## PROBLEM STATEMENT
Extract each line of the records below that contains the word "Avenue".

---

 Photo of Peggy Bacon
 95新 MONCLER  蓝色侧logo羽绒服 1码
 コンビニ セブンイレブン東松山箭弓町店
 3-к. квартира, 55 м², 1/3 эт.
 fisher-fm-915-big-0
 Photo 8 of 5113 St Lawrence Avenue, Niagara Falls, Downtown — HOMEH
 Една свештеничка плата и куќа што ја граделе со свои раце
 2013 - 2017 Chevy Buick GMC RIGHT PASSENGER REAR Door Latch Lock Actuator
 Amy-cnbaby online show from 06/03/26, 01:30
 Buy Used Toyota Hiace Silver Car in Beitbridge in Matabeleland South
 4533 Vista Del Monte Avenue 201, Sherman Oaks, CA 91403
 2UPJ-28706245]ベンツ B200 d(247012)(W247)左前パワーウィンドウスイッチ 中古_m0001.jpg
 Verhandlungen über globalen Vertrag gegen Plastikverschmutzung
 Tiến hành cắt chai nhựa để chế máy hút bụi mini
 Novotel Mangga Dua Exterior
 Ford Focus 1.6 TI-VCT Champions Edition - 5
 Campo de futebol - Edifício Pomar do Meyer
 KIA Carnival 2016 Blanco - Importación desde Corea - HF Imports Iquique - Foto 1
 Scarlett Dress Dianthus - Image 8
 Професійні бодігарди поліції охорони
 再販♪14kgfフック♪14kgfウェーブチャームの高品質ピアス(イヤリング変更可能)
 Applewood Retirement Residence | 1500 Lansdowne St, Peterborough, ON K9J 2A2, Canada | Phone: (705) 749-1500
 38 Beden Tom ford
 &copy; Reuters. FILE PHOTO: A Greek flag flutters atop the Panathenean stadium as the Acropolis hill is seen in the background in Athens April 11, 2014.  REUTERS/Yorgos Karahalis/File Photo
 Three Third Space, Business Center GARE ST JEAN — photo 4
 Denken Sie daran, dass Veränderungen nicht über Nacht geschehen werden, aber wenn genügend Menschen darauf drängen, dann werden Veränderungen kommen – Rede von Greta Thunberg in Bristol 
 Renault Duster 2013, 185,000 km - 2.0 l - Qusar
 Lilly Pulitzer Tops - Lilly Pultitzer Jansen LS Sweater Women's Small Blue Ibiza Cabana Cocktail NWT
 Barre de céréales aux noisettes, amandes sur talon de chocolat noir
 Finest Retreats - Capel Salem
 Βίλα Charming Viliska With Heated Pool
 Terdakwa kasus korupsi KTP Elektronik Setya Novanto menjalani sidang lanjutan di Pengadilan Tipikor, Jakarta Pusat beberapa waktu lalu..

---

## TASK ANSWER
 Photo 8 of 5113 St Lawrence Avenue, Niagara Falls, Downtown — HOMEH
 4533 Vista Del Monte Avenue 201, Sherman Oaks, CA 91403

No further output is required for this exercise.